Ini sejalan dengan semangat al-amr bi al-ma’ruf wa al-nahy ‘an al-munkar (menyeru kebaikan dan mencegah kemungkaran) yang bukan hanya seruan moral, tetapi juga ajakan untuk mengubah struktur sosial yang menindas melalui advokasi kebijakan publik, gerakan sosial, dan pemberdayaan ekonomi rakyat.
Praktik-praktik fiqih pemberdayaan sebenarnya telah mulai muncul di berbagai daerah. Di beberapa pesantren, zakat dan wakaf dikelola untuk usaha produktif seperti pertanian, peternakan, dan koperasi santri yang melibatkan masyarakat sekitar secara aktif.

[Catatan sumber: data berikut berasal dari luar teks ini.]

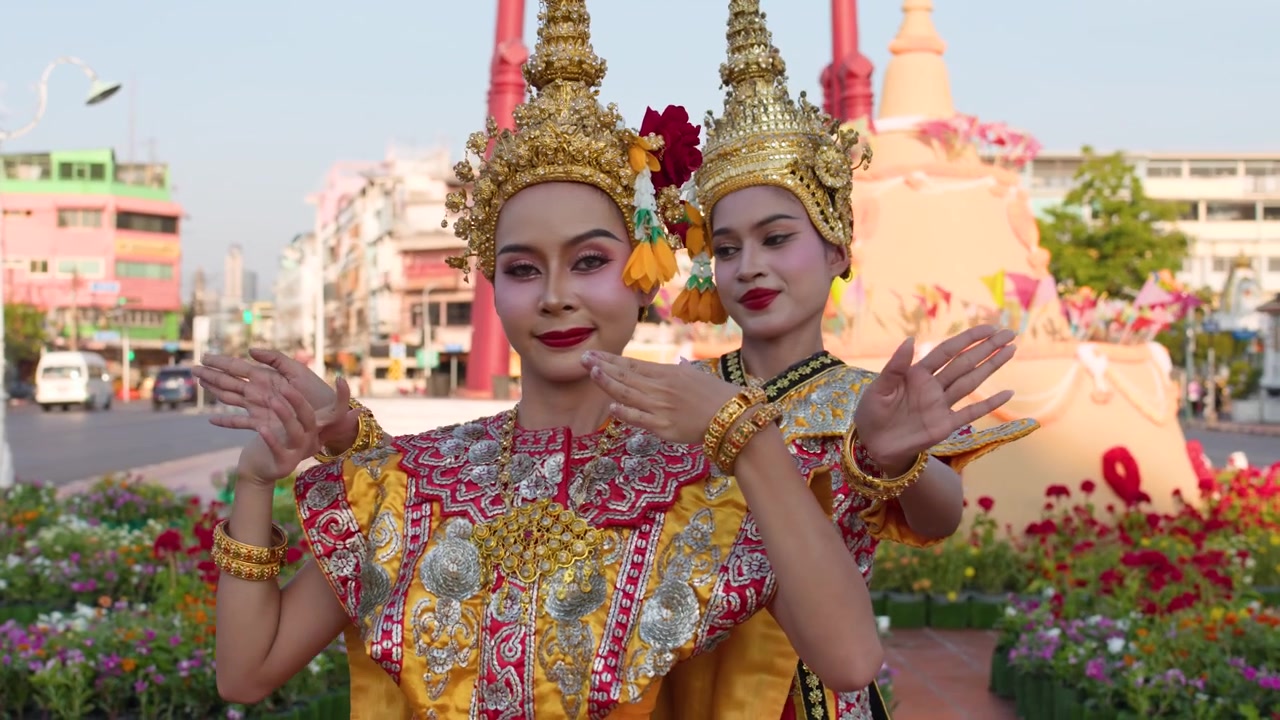 Due ballerine thailandesi in costumi tradizionali si esibiscono all'aperto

Memperkuat Basis Sosial Fiqih Pemberdayaan
Model ini mirip dengan konsep Pesantrenpreneur yang diusung oleh Anies Baswedan dalam pidato-pidatonya saat memimpin Indonesia Mengajar. Ia menyatakan bahwa pendidikan harus melahirkan agen perubahan dan pelaku ekonomi lokal yang mandiri dan berdaya.

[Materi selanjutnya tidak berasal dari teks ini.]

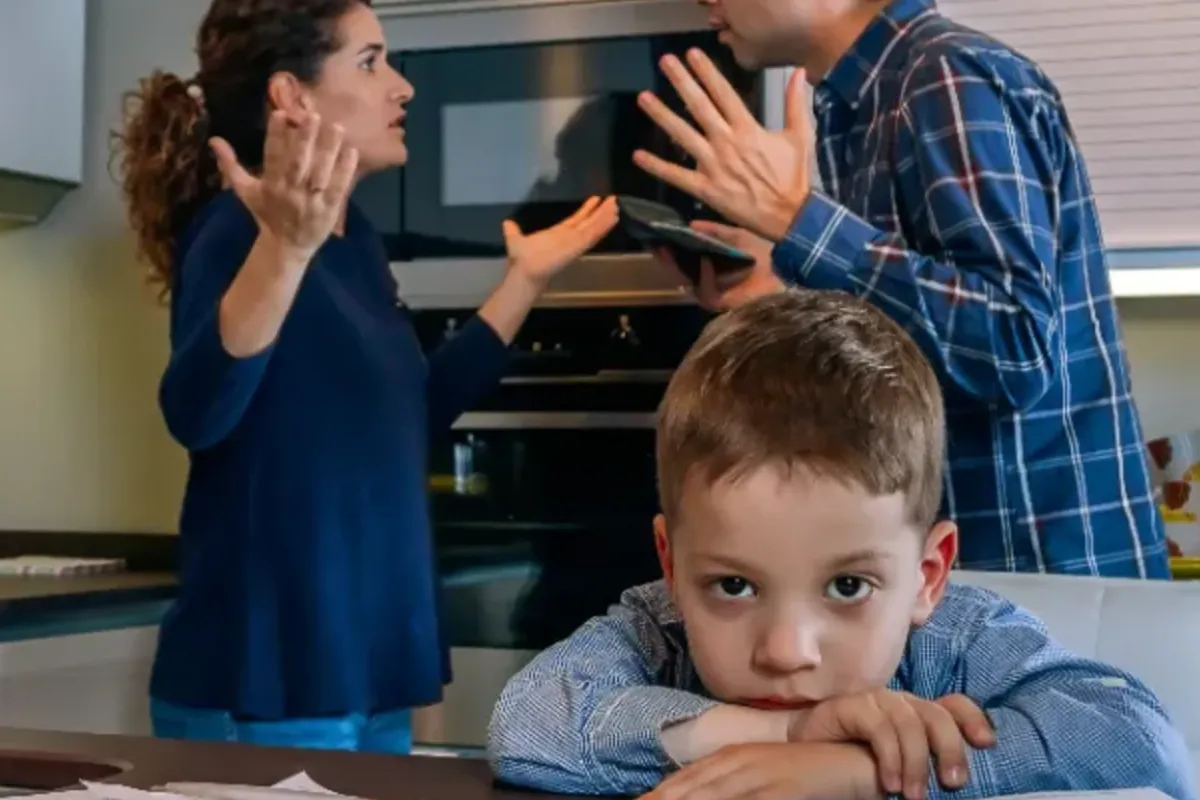 A young boy looking sad with his head resting on his arms at a kitchen table cluttered with papers, while a man and woman appear to be arguing in the background.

Namun demikian, fiqih pemberdayaan bukan tanpa tantangan. Resistensi terhadap perubahan fiqih dari dalam komunitas sendiri sangat kuat, terutama ketika fiqih dipersepsikan sebagai doktrin sakral yang tidak boleh ditafsir ulang oleh siapa pun.
Padahal sejarah Islam menunjukkan bahwa fiqih selalu berkembang sesuai zaman dan kebutuhan umat. Para ulama klasik pun terbiasa berijtihad sesuai konteks zaman mereka, sebagai bentuk tanggung jawab intelektual dan sosial terhadap umat.
Seperti dikatakan oleh Yusuf al-Qaradawi dalam Fiqh al-Awlawiyyat (Al-Maktab al-Islami, 1994), kita harus mampu memilah mana yang prinsip dan mana yang bisa berubah sesuai konteks, agar fiqih tetap hidup dan dinamis dalam masyarakat.
Langkah strategis untuk memperkuat fiqih pemberdayaan adalah dengan memperluas literasi sosial di kalangan santri dan ulama, serta menjembatani ilmu fiqih dengan ilmu sosial dan ekonomi yang bisa membuka cakrawala berpikir dan merespons realitas.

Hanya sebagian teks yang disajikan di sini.